### WHAT TO WORK ON
Reproduce exactly only the lines from the line that holds "So what do you" to the line that holds "Group access to", inclusive, in the listing below, and please leave out every picture.

### DATASET EXTRACT
======
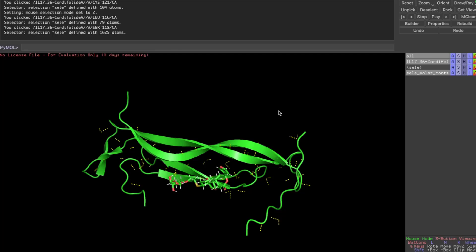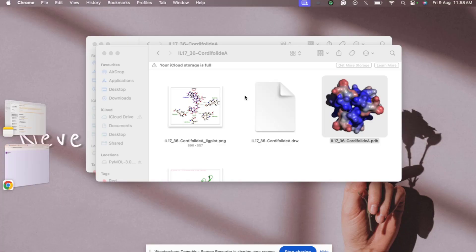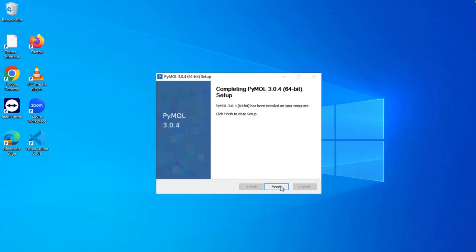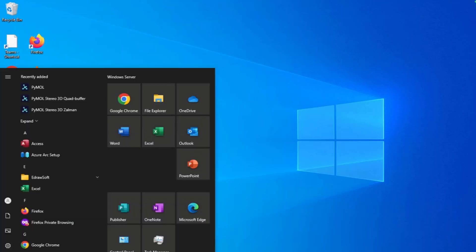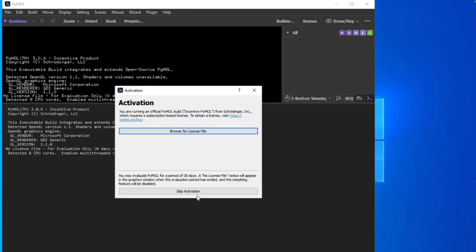You can go to Select > Find > Polar Contacts within selection to analyze interactions. Today's demonstration focuses on installation and the UI, not detailed analysis. Now, back to Windows — the installation is finished. Click Next, then Finish. A desktop icon is created, and typing 'pymol' in the search shows the newly installed version.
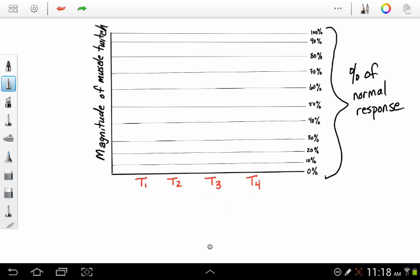So what do you do? You take your train of four monitor, your little nerve stimulator, and typically you'll connect it to two electrodes that are along the ulnar nerve, and you'll monitor the twitch of the adductor pollicis brevis muscle.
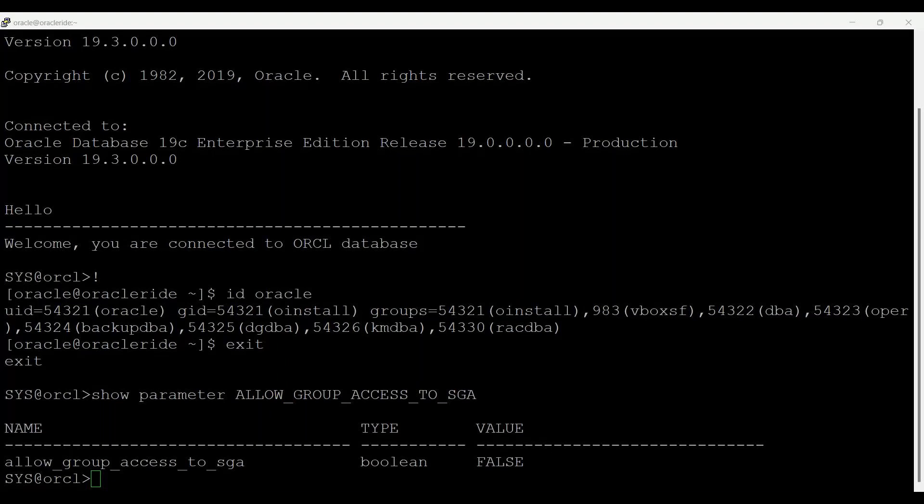Group access to the SGA is removed by default, and if this parameter is true, then group members can do that. Oracle strongly recommends that you accept the default permissions that limit access to the SGA to the Oracle user account.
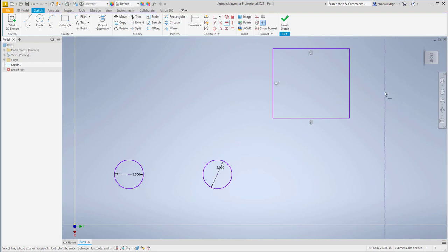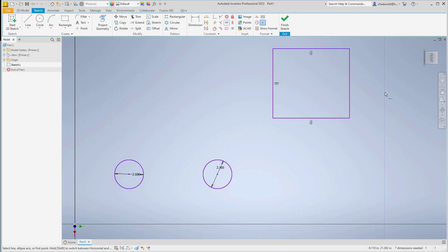So a very small and easy to use feature, but I think a game changer when you're sketching in Autodesk Inventor. Just simply hold the shift key and cycle in between horizontal and vertical constraints.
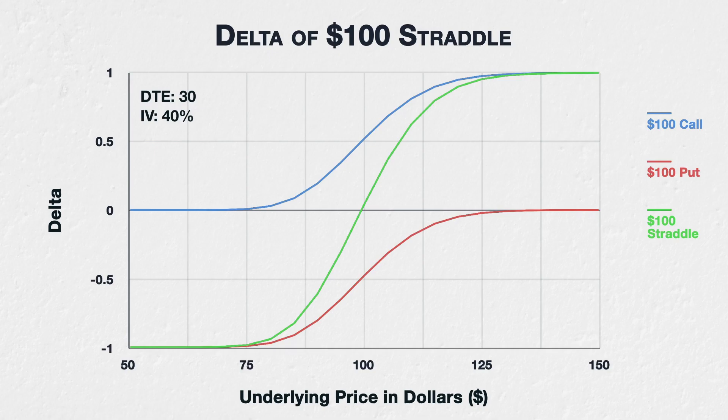Here we can see the call delta in blue, and the put delta in red, and the delta of the straddle in green. The delta of the straddle is simply the delta of the call plus the delta of the put.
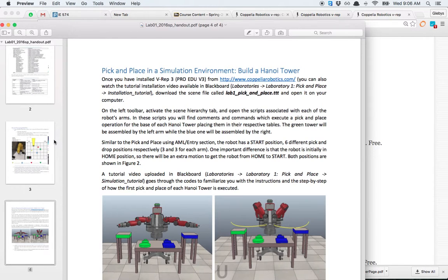This is a small tutorial about how to download VREP and open one of its example scenes.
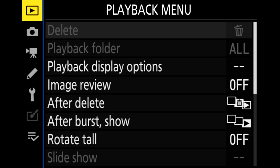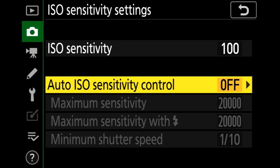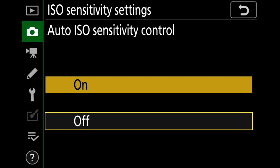First of all, let's switch to aperture priority. Then we need to enter the ISO sensitivity submenu and activate the auto ISO sensitivity controller.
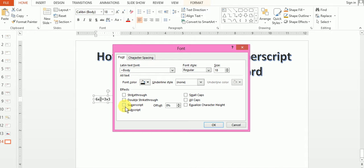What is the option here? Superscript. We will check this box and then press OK.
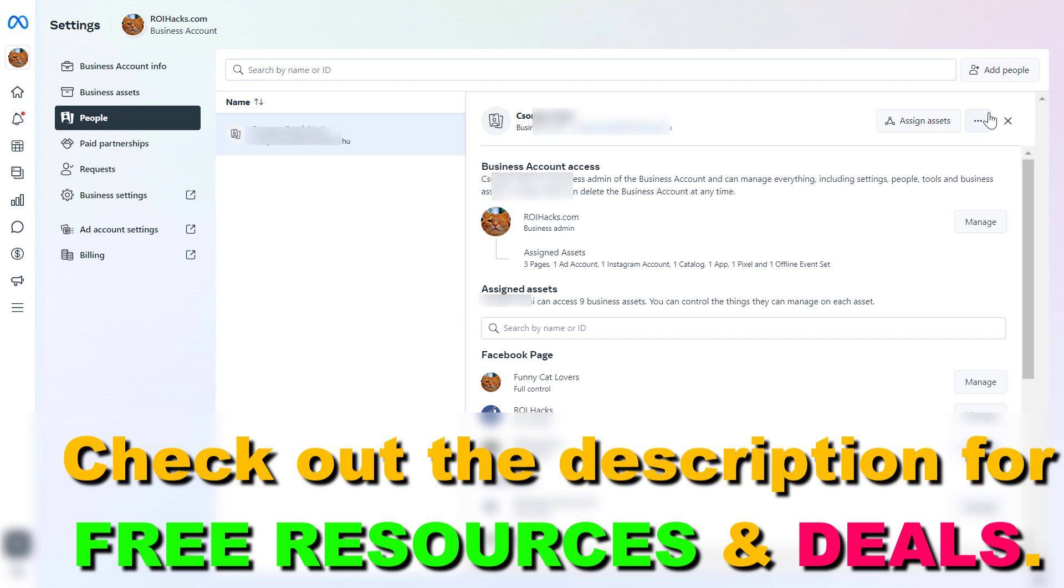However, if you don't have admin access to the Meta Business Suite account, you might not be able to remove yourself this way.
======
### FINISHED EXERCISE
So what do you do? You take your train of four monitor, your little nerve stimulator, and typically you'll connect it to two electrodes that are along the ulnar nerve, and you'll monitor the twitch of the adductor pollicis brevis muscle.
Group access to the SGA is removed by default, and if this parameter is true, then group members can do that. Oracle strongly recommends that you accept the default permissions that limit access to the SGA to the Oracle user account.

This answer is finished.